Re: [PATCH] static_call,x86: Robustify trampoline patching

From: Kees Cook
Date: Tue Nov 02 2021 - 14:10:15 EST


On Tue, Nov 02, 2021 at 01:57:44PM +0100, Peter Zijlstra wrote:
> On Mon, Nov 01, 2021 at 03:14:41PM +0100, Ard Biesheuvel wrote:
> > On Mon, 1 Nov 2021 at 10:05, Peter Zijlstra <peterz@xxxxxxxxxxxxx> wrote:
>
> > > How is that not true for the jump table approach? Like I showed earlier,
> > > it is *trivial* to reconstruct the actual function pointer from a
> > > jump-table entry pointer.
> > >
> >
> > That is not the point. The point is that Clang instruments every
> > indirect call that it emits, to check whether the type of the jump
> > table entry it is about to call matches the type of the caller. IOW,
> > the indirect calls can only branch into jump tables, and all jump
> > table entries in a table each branch to the start of some function of
> > the same type.
> >
> > So the only thing you could achieve by adding or subtracting a
> > constant value from the indirect call address is either calling
> > another function of the same type (if you are hitting another entry in
> > the same table), or failing the CFI type check.
>
> Ah, I see, so the call-site needs to have a branch around the indirect
> call instruction.
>
> > Instrumenting the callee only needs something like BTI, and a
> > consistent use of the landing pads to ensure that you cannot trivially
> > omit the check by landing right after it.
>
> That does bring up another point tho; how are we going to do a kernel
> that's optimal for both software CFI and hardware aided CFI?
>
> All questions that need answering I think.

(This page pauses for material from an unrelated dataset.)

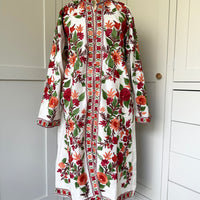KASHMIRI EMBROIDERED SILK COAT | WHITE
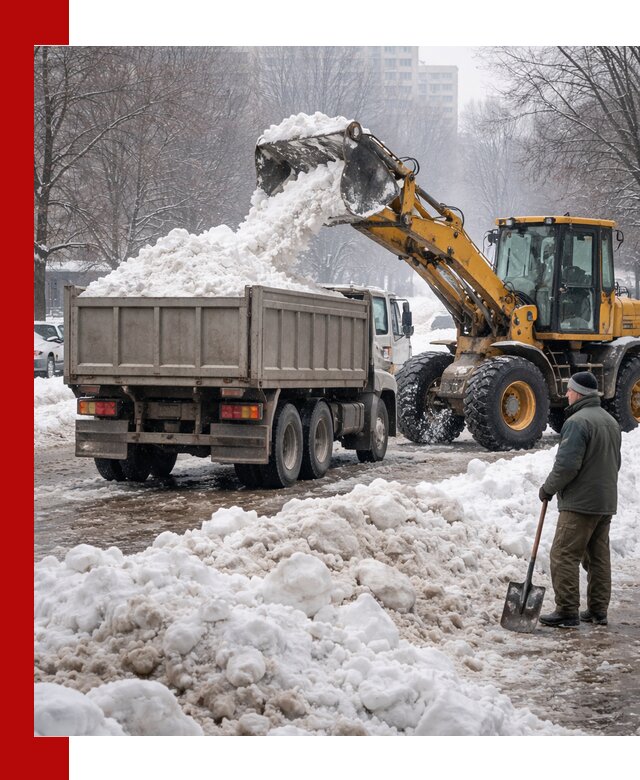 Вывоз снега грузовой техникой в Шарыпове оперативно и чисто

I'm totally fine with designing a new CFI for a future option,
but blocking the existing (working) one does not best serve our end
users. There are already people waiting on x86 CFI because having the
extra layer of defense is valuable for them. No, it's not perfect,
but it works right now, and evidence from Android shows that it has
significant real-world defensive value. Some of the more adventurous
are actually patching their kernels with the CFI support already, and
happily running their workloads, etc.

Supporting Clang CFI means we actually have something to evolve
from, where as starting completely over means (likely significant)
delays leaving folks without the option available at all. I think the
various compiler and kernel tweaks needed to improve kernel support
are reasonable, but building a totally new CFI implementation is not:
it _does_ work today on x86. Yes, it's weird, but not outrageously so.
(And just to state the obvious, CFI is an _optional_ CONFIG: not
everyone wants CFI, so it's okay if there are some sharp edges under
some CONFIG combinations.)

Regardless, speaking to a new CFI design below:

> So how insane is something like this, have each function:
>
> foo.cfi:
> endbr64
> xorl $0xdeadbeef, %r10d
> jz foo
> ud2
> nop # make it 16 bytes
> foo:
> # actual function text goes here
>
>
> And for each hash have two thunks:
>
>
> # arg: r11
> # clobbers: r10, r11
> __x86_indirect_cfi_deadbeef:
> movl -9(%r11), %r10 # immediate in foo.cfi

This requires the text be readable. I have been hoping to avoid this for
a CFI implementation so we could gain the benefit of execute-only
memory (available soon on arm64, and possible today on x86 under a
hypervisor).

But, yes, FWIW, this is very similar to what PaX RAP CFI does: the
caller reads "$dest - offset" for a hash, and compares it against the
hard-coded hash at the call site, before "call $dest".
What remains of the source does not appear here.